(TASK INSTRUCTIONS) Entries below include pictures. Output exactly the lines from the one with "Стельки с таблицами, фейковая" down to the one with "The photo shows", both ends included, and leave the pictures out.

(DATA SHOWN)
────────────────────
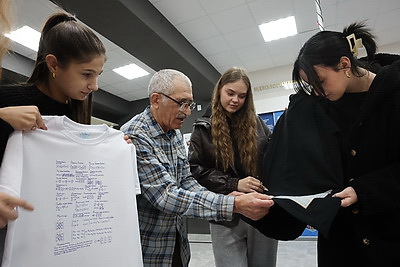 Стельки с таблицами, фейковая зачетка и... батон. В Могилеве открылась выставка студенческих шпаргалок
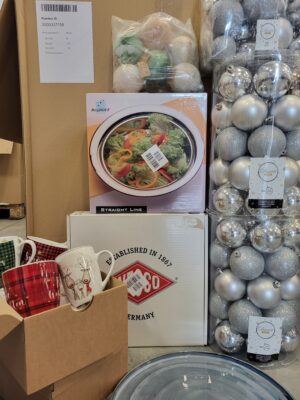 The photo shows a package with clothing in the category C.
────────────────────
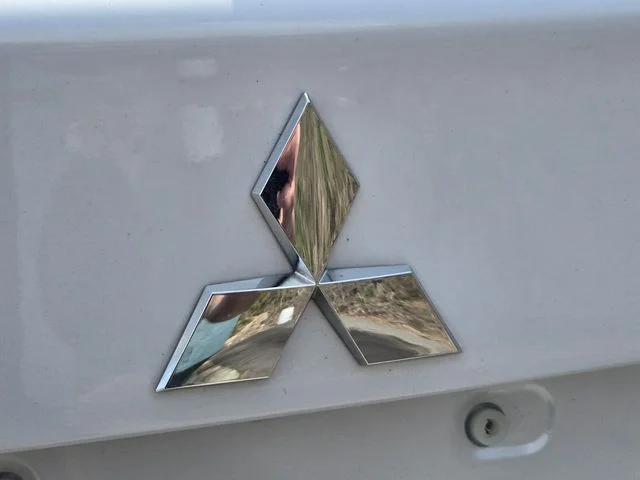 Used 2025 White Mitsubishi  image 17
────────────────────
(TASK ANSWER)
 Стельки с таблицами, фейковая зачетка и... батон. В Могилеве открылась выставка студенческих шпаргалок
 The photo shows a package with clothing in the category C.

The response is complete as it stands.